The name of the piece is derived from the generic European term for "gypsy" (in French: gitan, tsigane or tzigane rather than the Hungarian cigány) although it does not use any authentic Gypsy melodies.

==Music==
Tzigane is a late entry into the gypsy-themed violin virtuoso concert piece; the most prominent prior works being Sarasate's Zigeunerweisen from 1878 and Vittorio Monti's Czárdás. Ravel's audience would also have been familiar with a style hongrois that had suffused light music and the Parisian café scene.

The composition is in one movement, with an approximate duration of ten minutes, scored for strings and harp, double woodwinds, two horns in F, one trumpet in C, celesta, triangle, timbre (snare drum), and cymbal. The opening is marked 'Lento, quasi cadenza' and is for solo violin, playing on the G string for the first 28 bars; Jankélévitch describes the preamble (Lassan) as "superior exercises – runs, staccato notes, trills and mordents". Then follow a succession of "gipsy improvisations – the Friska, then the Czardas", at the end of which "the rhapsody becomes impatient and runs feverishly through all kinds of successive tonalities without retaining any of them".

Rhythmical, structural, and melodic elements in common with Liszt's Hungarian Rhapsodies have been identified. Liszt's attempts to mimic the cimbalom may have inspired Ravel to create a version of the score that included the use of the luthéal, a new piano attachment (first patented in 1919) with several tone-colour registrations which could be engaged by pulling stops above the keyboard. One of these registrations had a cimbalom-like sound, which fitted well with the verbunkos style of the composition. The original score of Tzigane included instructions for these register-changes during execution. The luthéal, however, did not achieve permanence. By the end of the 20th century the first print of the accompaniment with luthéal was still available at the publishers, but by that time the attachment had long since disappeared from use.

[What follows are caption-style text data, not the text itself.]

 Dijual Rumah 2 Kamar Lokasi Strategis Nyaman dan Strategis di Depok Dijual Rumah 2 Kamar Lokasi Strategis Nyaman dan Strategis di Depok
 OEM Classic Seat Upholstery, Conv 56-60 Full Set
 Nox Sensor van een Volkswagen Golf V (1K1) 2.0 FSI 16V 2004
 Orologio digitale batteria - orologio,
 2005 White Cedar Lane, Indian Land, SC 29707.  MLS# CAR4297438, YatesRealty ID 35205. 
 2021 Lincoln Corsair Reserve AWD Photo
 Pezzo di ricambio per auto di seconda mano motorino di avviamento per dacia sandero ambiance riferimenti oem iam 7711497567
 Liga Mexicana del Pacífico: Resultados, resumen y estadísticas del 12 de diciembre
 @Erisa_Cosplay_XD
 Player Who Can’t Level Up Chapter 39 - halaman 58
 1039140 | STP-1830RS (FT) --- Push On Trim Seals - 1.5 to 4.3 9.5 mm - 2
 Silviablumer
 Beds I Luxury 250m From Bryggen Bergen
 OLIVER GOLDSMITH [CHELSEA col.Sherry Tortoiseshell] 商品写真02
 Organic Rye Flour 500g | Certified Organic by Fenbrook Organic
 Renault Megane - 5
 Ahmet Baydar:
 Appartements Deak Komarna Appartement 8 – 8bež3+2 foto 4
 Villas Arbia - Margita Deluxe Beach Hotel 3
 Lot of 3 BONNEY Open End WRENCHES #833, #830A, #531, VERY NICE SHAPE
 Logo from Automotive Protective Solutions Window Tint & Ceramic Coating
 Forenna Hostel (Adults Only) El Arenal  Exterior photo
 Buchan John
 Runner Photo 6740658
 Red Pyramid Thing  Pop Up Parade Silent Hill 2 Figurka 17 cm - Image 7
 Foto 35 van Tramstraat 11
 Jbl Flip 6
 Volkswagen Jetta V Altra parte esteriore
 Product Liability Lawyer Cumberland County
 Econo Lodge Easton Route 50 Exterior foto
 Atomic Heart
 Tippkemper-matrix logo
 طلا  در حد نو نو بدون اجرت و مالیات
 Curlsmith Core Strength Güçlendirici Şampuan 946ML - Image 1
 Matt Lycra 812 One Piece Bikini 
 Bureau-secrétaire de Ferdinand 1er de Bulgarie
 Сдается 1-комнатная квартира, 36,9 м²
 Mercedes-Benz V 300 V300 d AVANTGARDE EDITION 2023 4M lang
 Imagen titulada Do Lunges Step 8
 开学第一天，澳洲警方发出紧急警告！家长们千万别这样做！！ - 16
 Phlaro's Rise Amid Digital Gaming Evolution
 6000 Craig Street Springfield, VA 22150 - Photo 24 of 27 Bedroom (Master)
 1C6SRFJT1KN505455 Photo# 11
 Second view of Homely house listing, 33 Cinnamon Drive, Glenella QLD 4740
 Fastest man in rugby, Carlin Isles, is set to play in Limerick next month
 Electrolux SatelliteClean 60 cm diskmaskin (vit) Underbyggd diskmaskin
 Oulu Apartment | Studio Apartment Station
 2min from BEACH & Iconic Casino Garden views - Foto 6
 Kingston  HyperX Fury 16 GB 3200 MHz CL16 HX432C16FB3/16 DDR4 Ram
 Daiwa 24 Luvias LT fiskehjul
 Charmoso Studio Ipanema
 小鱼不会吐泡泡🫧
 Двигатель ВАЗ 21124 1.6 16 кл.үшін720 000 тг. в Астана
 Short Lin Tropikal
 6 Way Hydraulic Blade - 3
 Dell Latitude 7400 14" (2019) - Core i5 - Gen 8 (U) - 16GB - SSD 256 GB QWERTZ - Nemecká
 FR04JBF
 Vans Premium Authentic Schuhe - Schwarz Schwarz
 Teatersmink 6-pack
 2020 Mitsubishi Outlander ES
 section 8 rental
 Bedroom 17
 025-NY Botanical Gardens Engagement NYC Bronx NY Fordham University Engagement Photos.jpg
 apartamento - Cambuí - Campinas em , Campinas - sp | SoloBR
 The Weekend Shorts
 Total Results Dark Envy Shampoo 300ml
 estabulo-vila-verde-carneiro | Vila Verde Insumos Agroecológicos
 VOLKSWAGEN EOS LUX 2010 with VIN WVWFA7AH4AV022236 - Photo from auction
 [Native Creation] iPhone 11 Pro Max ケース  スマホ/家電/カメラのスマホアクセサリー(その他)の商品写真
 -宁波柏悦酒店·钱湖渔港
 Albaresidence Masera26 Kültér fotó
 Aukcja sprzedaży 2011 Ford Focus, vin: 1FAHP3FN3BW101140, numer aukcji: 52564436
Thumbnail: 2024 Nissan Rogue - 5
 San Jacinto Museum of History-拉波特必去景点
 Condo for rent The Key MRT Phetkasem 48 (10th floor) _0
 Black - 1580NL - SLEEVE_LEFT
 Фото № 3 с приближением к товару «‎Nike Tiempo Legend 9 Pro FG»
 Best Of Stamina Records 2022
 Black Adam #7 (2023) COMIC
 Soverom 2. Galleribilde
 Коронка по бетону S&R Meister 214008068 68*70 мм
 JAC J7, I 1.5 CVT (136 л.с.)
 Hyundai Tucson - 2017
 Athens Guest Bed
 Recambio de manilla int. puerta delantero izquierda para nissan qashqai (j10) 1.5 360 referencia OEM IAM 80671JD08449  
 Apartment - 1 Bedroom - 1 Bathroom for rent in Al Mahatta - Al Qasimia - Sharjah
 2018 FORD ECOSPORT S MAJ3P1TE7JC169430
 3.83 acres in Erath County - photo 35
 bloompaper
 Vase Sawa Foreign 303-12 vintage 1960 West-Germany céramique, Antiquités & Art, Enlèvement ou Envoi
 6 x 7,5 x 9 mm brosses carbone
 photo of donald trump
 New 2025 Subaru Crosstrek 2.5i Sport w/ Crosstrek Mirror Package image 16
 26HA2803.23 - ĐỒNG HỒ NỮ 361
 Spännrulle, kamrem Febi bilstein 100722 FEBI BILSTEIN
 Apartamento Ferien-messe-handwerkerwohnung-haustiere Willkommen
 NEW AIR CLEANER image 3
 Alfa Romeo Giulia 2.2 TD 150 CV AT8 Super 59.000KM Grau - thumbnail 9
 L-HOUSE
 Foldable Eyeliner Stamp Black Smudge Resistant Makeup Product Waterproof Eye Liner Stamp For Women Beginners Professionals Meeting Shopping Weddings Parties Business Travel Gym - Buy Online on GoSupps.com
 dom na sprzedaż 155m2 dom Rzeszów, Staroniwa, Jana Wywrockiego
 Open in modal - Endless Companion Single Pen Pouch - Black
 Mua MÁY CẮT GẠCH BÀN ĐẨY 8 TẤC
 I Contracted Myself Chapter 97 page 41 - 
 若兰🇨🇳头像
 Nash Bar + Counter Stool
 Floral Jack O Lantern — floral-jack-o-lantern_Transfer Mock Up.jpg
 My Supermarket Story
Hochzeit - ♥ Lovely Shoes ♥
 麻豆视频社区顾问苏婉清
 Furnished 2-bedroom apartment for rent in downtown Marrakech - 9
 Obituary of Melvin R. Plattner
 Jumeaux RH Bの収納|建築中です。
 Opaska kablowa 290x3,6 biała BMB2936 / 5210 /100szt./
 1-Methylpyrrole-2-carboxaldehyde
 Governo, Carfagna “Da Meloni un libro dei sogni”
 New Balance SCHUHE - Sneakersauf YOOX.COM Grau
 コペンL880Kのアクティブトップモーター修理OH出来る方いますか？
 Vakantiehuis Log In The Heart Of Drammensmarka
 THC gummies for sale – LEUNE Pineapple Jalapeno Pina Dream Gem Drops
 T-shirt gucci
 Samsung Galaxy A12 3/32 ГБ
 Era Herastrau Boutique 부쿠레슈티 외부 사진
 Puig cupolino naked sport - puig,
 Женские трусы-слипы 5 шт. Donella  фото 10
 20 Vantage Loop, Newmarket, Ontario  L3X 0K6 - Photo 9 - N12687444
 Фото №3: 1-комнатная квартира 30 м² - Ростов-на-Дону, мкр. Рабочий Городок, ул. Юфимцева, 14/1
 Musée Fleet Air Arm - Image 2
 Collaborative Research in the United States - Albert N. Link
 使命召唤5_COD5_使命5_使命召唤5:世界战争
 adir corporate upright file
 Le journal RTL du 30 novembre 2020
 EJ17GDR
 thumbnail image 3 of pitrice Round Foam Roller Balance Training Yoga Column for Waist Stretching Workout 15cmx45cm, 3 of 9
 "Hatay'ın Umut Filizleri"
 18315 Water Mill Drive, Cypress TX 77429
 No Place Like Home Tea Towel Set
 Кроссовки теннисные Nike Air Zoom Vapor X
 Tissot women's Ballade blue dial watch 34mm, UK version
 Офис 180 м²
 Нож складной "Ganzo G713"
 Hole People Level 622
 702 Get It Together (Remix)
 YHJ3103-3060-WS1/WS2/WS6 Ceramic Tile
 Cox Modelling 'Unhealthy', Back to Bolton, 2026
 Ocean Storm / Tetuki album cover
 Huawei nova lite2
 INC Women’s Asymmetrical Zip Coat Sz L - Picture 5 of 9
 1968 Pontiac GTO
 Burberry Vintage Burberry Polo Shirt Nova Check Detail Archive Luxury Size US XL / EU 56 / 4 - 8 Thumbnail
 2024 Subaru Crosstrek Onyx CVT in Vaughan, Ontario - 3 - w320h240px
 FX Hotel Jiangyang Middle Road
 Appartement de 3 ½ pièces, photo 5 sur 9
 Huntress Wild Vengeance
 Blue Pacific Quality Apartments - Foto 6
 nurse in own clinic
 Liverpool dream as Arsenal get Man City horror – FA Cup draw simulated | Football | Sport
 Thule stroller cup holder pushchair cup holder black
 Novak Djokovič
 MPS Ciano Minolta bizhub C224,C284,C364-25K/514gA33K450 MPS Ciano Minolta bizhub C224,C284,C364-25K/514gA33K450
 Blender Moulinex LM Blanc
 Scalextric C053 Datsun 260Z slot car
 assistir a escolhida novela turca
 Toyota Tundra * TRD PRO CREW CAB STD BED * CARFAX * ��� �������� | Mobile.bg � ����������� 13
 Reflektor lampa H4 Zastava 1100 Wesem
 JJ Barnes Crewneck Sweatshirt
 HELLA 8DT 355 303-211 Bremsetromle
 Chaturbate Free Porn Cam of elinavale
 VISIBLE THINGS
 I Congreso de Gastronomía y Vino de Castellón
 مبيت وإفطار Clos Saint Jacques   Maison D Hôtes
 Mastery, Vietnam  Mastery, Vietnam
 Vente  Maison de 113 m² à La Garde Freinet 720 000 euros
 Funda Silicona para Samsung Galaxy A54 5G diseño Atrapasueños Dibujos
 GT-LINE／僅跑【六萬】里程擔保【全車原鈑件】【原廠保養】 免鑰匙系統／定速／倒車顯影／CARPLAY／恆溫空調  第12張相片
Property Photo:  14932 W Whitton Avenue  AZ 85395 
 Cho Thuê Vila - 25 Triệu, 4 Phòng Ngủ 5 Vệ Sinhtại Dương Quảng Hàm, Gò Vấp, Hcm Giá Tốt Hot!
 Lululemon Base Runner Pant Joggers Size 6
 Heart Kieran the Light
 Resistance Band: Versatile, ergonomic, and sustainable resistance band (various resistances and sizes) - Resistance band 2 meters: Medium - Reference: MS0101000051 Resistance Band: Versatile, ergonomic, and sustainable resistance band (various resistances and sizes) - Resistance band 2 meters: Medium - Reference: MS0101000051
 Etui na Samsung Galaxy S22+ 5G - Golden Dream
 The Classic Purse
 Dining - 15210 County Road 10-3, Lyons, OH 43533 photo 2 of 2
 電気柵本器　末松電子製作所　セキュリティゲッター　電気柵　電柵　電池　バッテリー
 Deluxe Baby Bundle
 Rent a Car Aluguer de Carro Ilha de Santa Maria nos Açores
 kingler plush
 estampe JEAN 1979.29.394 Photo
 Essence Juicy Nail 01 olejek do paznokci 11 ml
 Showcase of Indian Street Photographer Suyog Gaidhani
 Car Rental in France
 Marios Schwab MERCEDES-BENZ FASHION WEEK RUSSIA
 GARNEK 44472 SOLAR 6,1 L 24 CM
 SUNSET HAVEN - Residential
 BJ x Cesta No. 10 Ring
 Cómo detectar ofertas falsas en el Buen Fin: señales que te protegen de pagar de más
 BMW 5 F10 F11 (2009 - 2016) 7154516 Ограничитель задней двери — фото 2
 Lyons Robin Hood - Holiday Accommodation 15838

== Noteworthy performances ==

- April 26, 1924: Premiere (violin and piano), by Jelly d'Arányi and Henri Gil-Marchex in London at Aeolian Hall.
- October 15, 1924: Premiere (violin and piano with luthéal), by Samuel Dushkin and Beveridge Webster in Paris at Salle Gaveau
- October 19, 1924: Premiere (violin and orchestra), by Samuel Dushkin with Pierre Monteux conducting the Concertgebouw in Amsterdam
- November 30, 1924: first performance in Paris of orchestrated version, and first performance of orchestrated version by d'Arányi, with Gabriel Pierné and the Concerts Colonne.
- January 1930: Gramophone released the first commercial recording, made from a live performance by Lucien Schwartz, violinist in the Orchestre Pasdeloup, with Ravel in the audience.

== Critical reception ==
The critical reception of Tzigane has been generally unfavorable, categorizing the work as kitsch.

Contemporaries Jourdan-Morhange, Szigeti, and Sauguet all expressed doubts on the music's value, labelling it pastiche and finding "music has surrendered too much place to instrumental acrobatics". Tzigane did not rate a mention in Alexis Roland-Manuel's 1938 biography of Ravel.

Recent critique has been as unfavorable. While noting the work's enduring popularity with performers and record labels, Roger Nichols and Robert Orledge have both noted Tzigane is not one of Ravel's compositionally great works.

Nevertheless, the work is popular with performers and is frequently recorded.